Summary of carbapenem nonsusceptibility mechanisms for K. pneumoniae with β-lactamase amplifications^a

Carbapenem resistance status	Sample	MLST	ompK36 b	ompK35 b	ESBL CNV	OXA-1 CNV	TEM-1 CNV	CARB CNV	mGE + β-lactamasec	Genomic context	Amp. Pred.d
CIKp	MB9017	307	p.D51RfsX37	ND	2.3	1.0	2.2	ND	IS26-blaCTX-M-15/blaOXA-1/blaTEM-1b	Chromosome	MGE
Non-CP-CRKp	MB6487	15	ISEcp1 18 bp +1 ATG	ND	11.4	ND	1.1	ND	ISEcp1-blaCTX-M-15;Tn2-like transposon	Chromosome + plasmid	MGE
	MB3028	17	p.Q66X	ND	2.2	ND	ND	ND	IS26/ISEcp1-blaCTX-M-15	Plasmid	PCN
	MB8190	29	p.Q310X	ND	5.5	6.4	4.2	ND	ISEcp1-blaCTX-M-15/blaOXA-1/blaTEM-1b	Chromosome + plasmid	MGE
	MB9509	45	p.L305X	ND	8.5	ND	ND	ND	IS903B-blaSHV-7**	Plasmid	PCN
	MB2966	280	ISEcp1 TPU1 bp +1 ATG	ND	2.7	0.9	2.0	ND	ISEcp1-blaCTX-M-15/blaTEM-1b;IS26-blaOXA-1	Chromosome + plasmid	MGE
	MB6013	307	p.D33EfsX4	p.W230X	5.7	4.9	1.0	ND	IS26-blaCTX-M-15/blaOXA-1;IS26-blaOXA-1	Plasmid	MGE
	MB4773	307	p.Q70X	ND	4.0	3.6	0.9	ND	IS26-blaCTX-M-15/blaOXA-1;IS26-blaTEM-1b	Plasmid	MGE
	MB3935	307	p.E87X	p.G208VfsX6	3.2	ND	1.1	ND	ISEcp1-blaCTX-M-15;Tn2-like transposon	Plasmid	MGE
	MB6483	870	c.950_951insIS26 TU	ND	5.0	ND	0.9	ND	IS26-blaCTX-M-15/blaTEM-1bISEcp1-blaCTX-M-15;	Chromosome + plasmid	MGE
	MB7964	2004	c.1115_1116insISEcp1TPU	ND	3.6	1.7	1.6	ND	ISEcp1-blaCTX-M-15/blaOXA-1/blaTEM-1b	Chromosome + plasmid	MGE
	MB6413e	4060	p.A12AfsX11	ND	6.4	ND	ND	ND	ISEcp1-blaCTX-M-15	NA	NA
CPKp	KB346e	11	p.G134_D135dup	p.L28LfsX36	0.6 (CTX-M)6.1 (SHV)	0.7	0.5	0.6	Tn4401a-blaKPC-2;blaCTX-M-65;blaSHV-12;blaOXA-1;blaTEM-1b;	NA	NA
	MB9481	14	p.G134_D135dup	ND	3.3	0.5	ND	0.9 (NDM)0.8 (OXA-48)	Tn125-blaNDM-1;ISEcp1-blaCTX-M-15;ISKpn26-blaOXA-48;IS26-blaOXA-1	Chromosome + plasmid	MGE
	MB3242	15	ND	ND	ND	ND	ND	2.9	Tn4401a-blaKPC-2	Plasmid	PCN
	MB5951e	15	ND	ND	2.1	ND	1.8	2.0	Tn4401a-blaKPC-2;ISEcp1-blaCTX-M-15;blaTEM-1b	NA	NA
	MB7231	29	ISKpn14 46 bp +1 ATG	ND	2.4	2.0	2.7	1.7	Tn4401a-blaKPC-2;ISEcp1-blaCTX-M-15/blaOXA-1/blaTEM-1b	Chromosome + plasmid	MGE + PCN
	MB8806	307	p.G134_D135dup	p.G208VfsX6	2.3	ND	2.4	1.4	Tn4401a-blaKPC-2;ISEcp1-blaCTX-M-15IS26-blaTEM-1b	Chromosome + plasmid	MGE

^aND, not detected; MGE, mobile genetic element; PCN, plasmid copy number; NA, not applicable.

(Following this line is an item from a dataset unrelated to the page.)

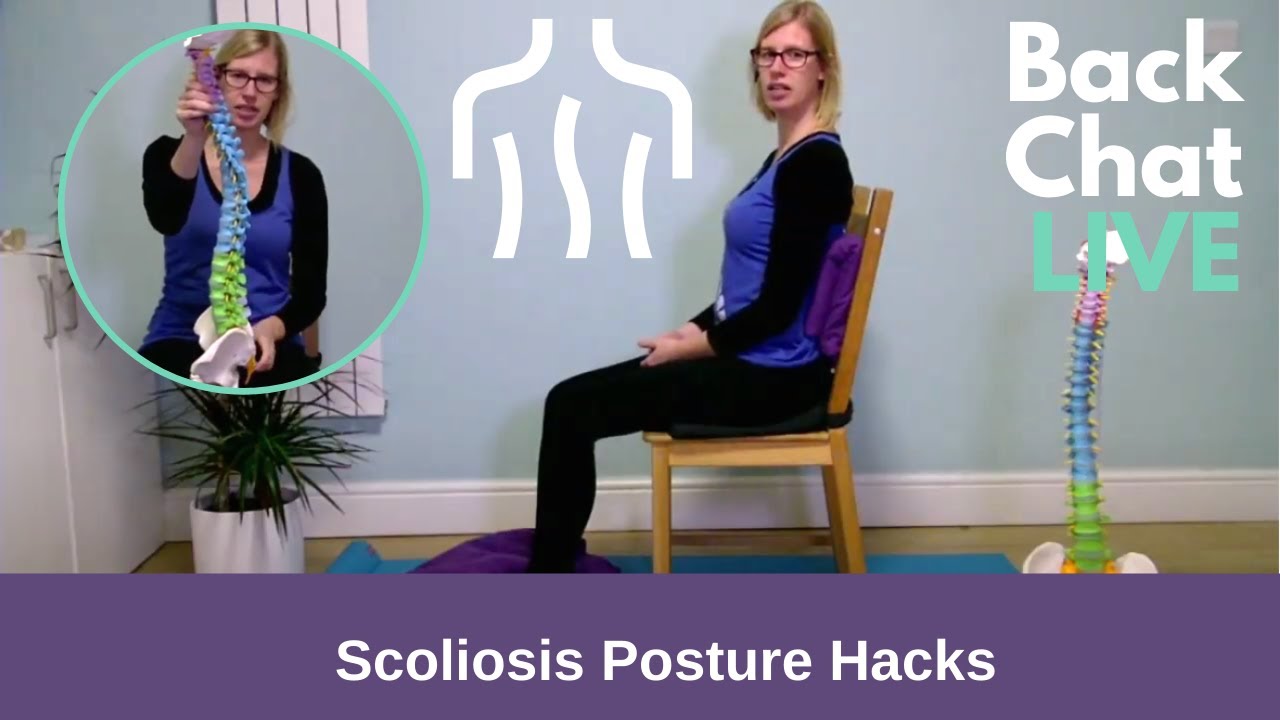 Posture Hacks for Scoliosis – sitting, standing, sleeping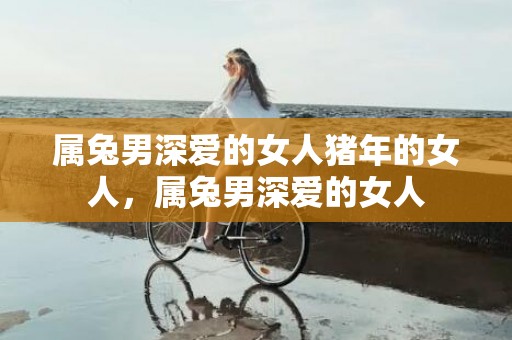 属兔男深爱的女人猪年的女人，属兔男深爱的女人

^bOuter membrane porin mutations for frameshifts and insertions/deletions notated in amino acid mutation nomenclature. Otherwise, insertion sequence (IS) disruptions are noted in nucleotide space. IS notated with “bp + 1 ATG” indicate IS insertions upstream of the outer membrane porin (omp) gene in the promoter region.

^cβ-lactamase genes without preceding insertion sequence and NOT in the same mobilization unit (delimited by “/”) do not have sufficient genomic context for MGE estimate. **,Cannot differentiate copy number variants from homologs (i.e., genes with > 95% identity).

^dAmp. Pred. = amplification prediction. Plasmid copy number contributions were based on normalized coverage depths of full-length plasmid harboring β-lactamase = 1.5×, which indicates approximately 50% of the population has 2 copies of the β-lactamase positive plasmid.

^eIncomplete and/or short-read assemblies only preclude an estimate of genomic context of β-lactamase gene amplification.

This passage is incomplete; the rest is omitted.